Coronavirus in Calderdale: “I think there will be some that won’t be re-opening” - borough’s restaurants brace themselves for impact
Calderdale businesses in the food industry are facing an uncertain future as the consequences of the coronavirus begin to bite.
Earlier this week the public were advised against all non-essential travel and social contact, and advised against going to restaurants, measures which could be in place for several weeks.
The government yesterday (Tuesday) unveiled a package of financial measures to shore up the economy against the coronavirus impact, including £330bn in loans, £20bn in other aid, a business rates holiday, and grants for retailers and pubs.
Billy Fletcher, general manager at The White Lion hotel and restaurant in Hebden Bridge, said: “Our main concern is that if we are forced to close, making sure our staff still get their wages.
“But if there is no money coming in that makes it very complicated. It’s a complex situation and it’s hugely concerning.”Very few businesses can cope with multiple weeks of no cash flow. Cash is king.
“If you hold cash in the business then it isn’t so bad. Some businesses will be affected more than others.
“But we have no business without our staff. And not being able to pay them is a massive issue.
“Hopefully insurance companies can help with that, or the government can offer support.
“I would like to think businesses won’t have to close permanently. Hopefully they are supported and can get through it.
“A lot of restaurants could possibly do a delivery service, but that wouldn’t work for us.
“We take a lot of business through tourism and international guests, but they are not travelling at the moment. So that is a huge knock-on effect.”
Sam Hughes, restaurant manager at True North, said: “We are being very proactive in mitigating this but it’s something we are going to have to learn to co-exist with.
“It’s the unknown that’s the issue. It is challenging times, we’ve only been open a few months.
“We’ve already changed our procedures to take extra care, such as removing things like salt and pepper pots off the tables and using disposable packs so that only that person comes into contact with them, and all the surfaces are being sanitised every half-an-hour.
“The well being of our staff and customers is our top priority.”We’re taking it as it comes. There isn’t any precedent for this in the industry.
“We’re taking things down to a day at a time.
“Even at the best of times the hospitality sector is unpredictable, particularly restaurants and bars.
“I think there is a bit of apprehension and nerves, because it’s the unknown.
“We can’t ignore our way out of the problem. Being as responsive as possible is the best way out of it.
“We’re independently owned and we employ local people. “We always encourage local people to support businesses in the community, but that becomes particularly important as we work our way through this.
“We’re doing everything we can to minimise the risk to people.”

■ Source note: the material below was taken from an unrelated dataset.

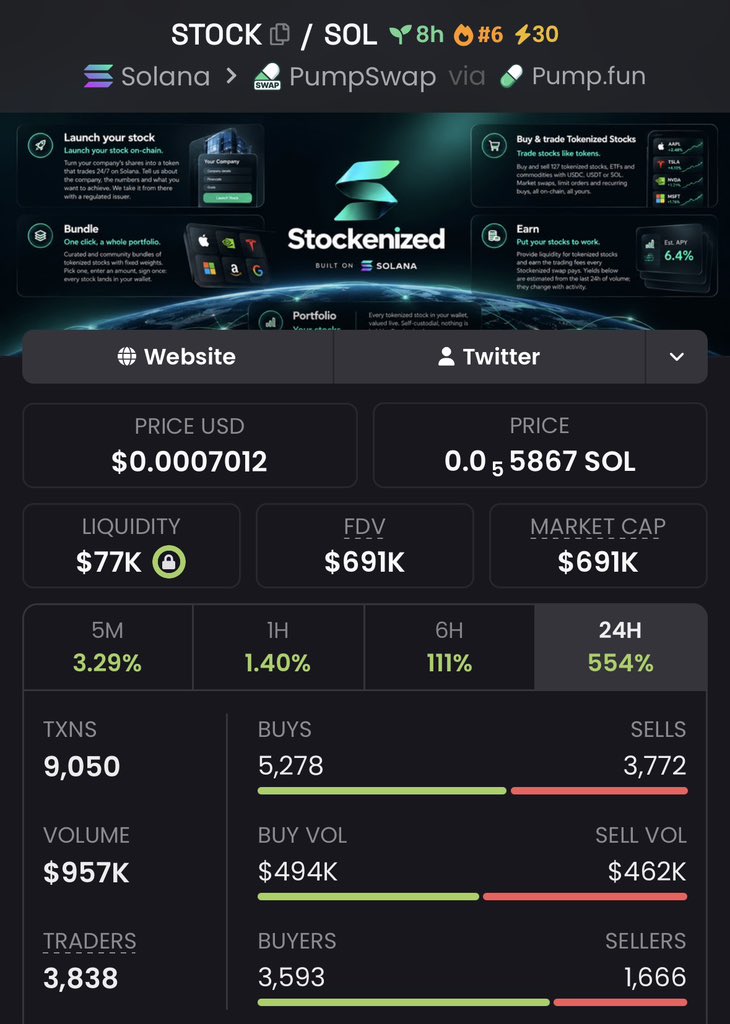 EarlyChad_'s tweet photo. $STOCK $27K ➡️ $691K 🚀

Another strong early call from the private group. 👀
Spotted at just $27K MC and watched it climb all the way to $691K MC — 25.6× from the call. 📈🔥

CA: 2d79yirWWZmzf249y7B4DMvgaSb7jgrCxrwTcweFpump

#Solana #SolanaMemecoin #Memecoin #Degen https://t.co/4zJiT1HeIO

Chris Greenwood, from Denmans Restaurant in Shelf, said: “We’re already seeing an impact with losing bookings. People don’t want to be socialising.

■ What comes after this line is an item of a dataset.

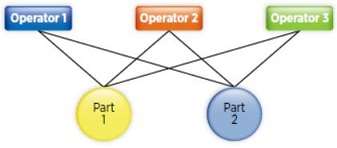 Crossed Gage Repeatability and Reproducibility (GR&R) Study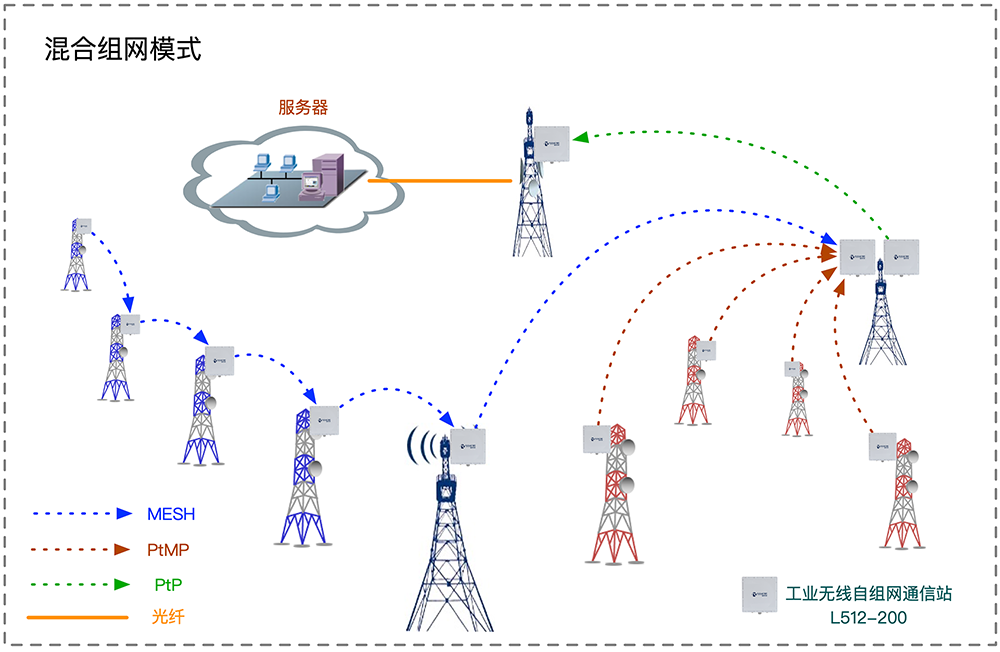 方案图1-4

“But we’re still going. We fear it’s only a matter of time before we are forced to do whatever other countries are doing, which is shutting down.

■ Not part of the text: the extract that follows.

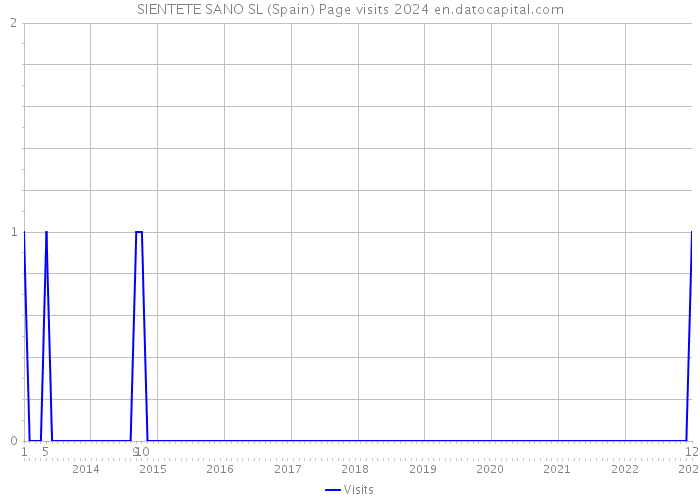 SIENTETE SANO SL (Spain) Page visits 2024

“We can stand it for a week or two but then all I can do is rely on savings to try and see our way through.
“But it will have a knock-on effect for suppliers - wine suppliers, butchers, bakers.
“We are a busy restaurant. We are getting some cancellations but then we are getting others coming in.
“We had an elderly couple in on Sunday night who said “we want to come out and enjoy things while we can”.
“But I think it will take a few restaurants out and there will be some that won’t be re-opening.
“Hopefully not many, hopefully everybody gets through it.
“When it’s all over, I think it will boom again and everybody will say ‘fantastic, let’s go out, I’m fed up of staying in’, and there’ll be a very busy period following the shut down.
“We’re lucky, we’ll get through it.
“We will have to prop up the business with our own money.
“But some businesses won’t be in that position where they can afford to do that.”